◆ DATASET CONTENT ◆
=-=-=
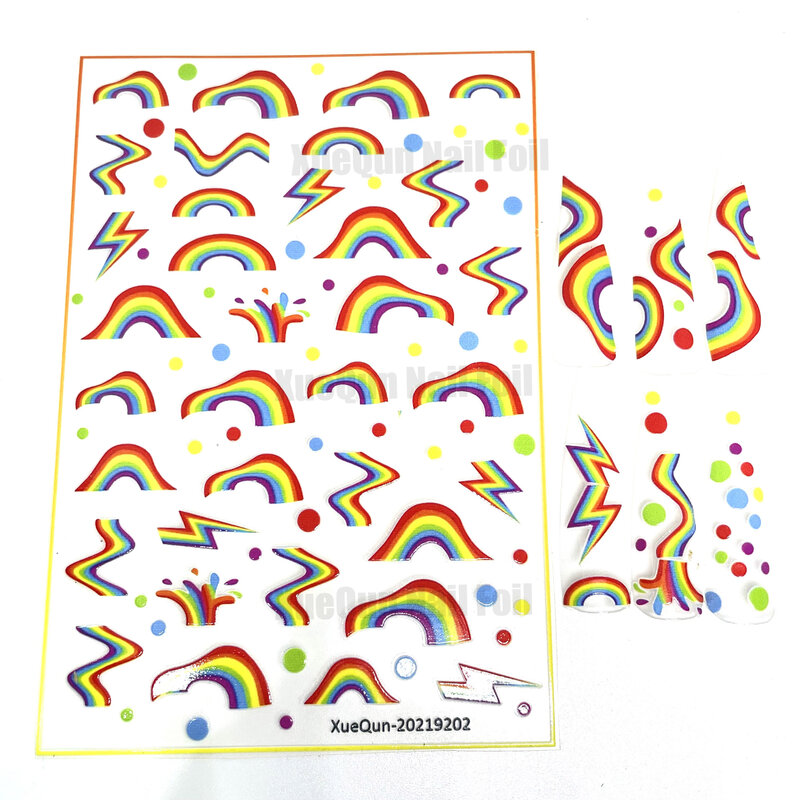 Pegatina de uñas de arcoíris, 5 piezas, XueQun-20219202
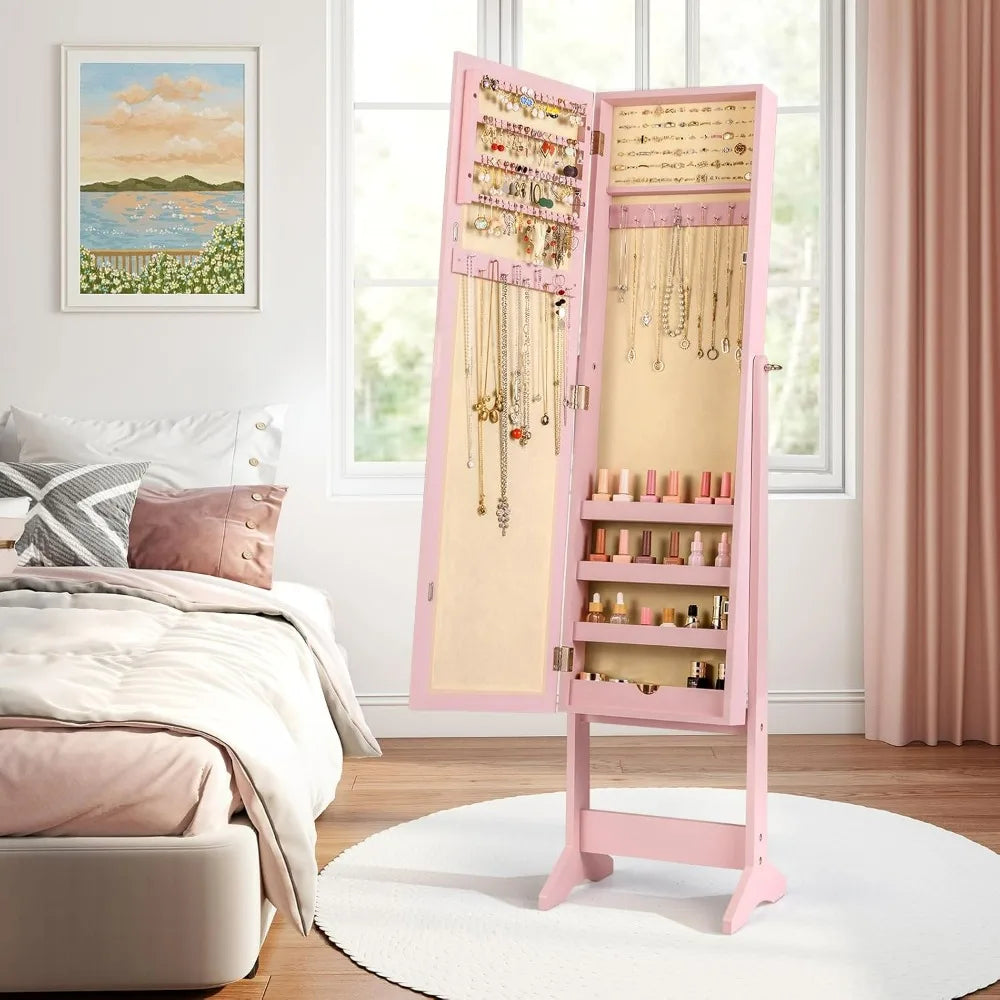 Giantex Jewelry Armoire With Full Length Mirror And Adjustable Angles
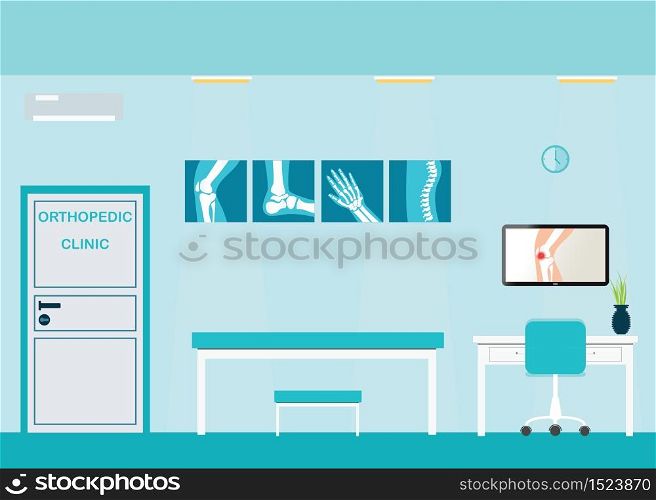 Orthopedic clinics and diagnostic centers with the skeletal spinal bone structure of Human Spine and hospital bed ,medical health care anatomy vector illustration.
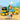 lego duplo 10931 truck and tracked excavator 20 piece set. shows the movement of the excavator and a minifigure driving the truck.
=-=-=
◆ EXERCISE DETAILS ◆
Output the listing above exactly as it stands; no picture should appear.

◆ RESULT OF THIS TASK ◆
 Pegatina de uñas de arcoíris, 5 piezas, XueQun-20219202
 Giantex Jewelry Armoire With Full Length Mirror And Adjustable Angles
 Orthopedic clinics and diagnostic centers with the skeletal spinal bone structure of Human Spine and hospital bed ,medical health care anatomy vector illustration.
 lego duplo 10931 truck and tracked excavator 20 piece set. shows the movement of the excavator and a minifigure driving the truck.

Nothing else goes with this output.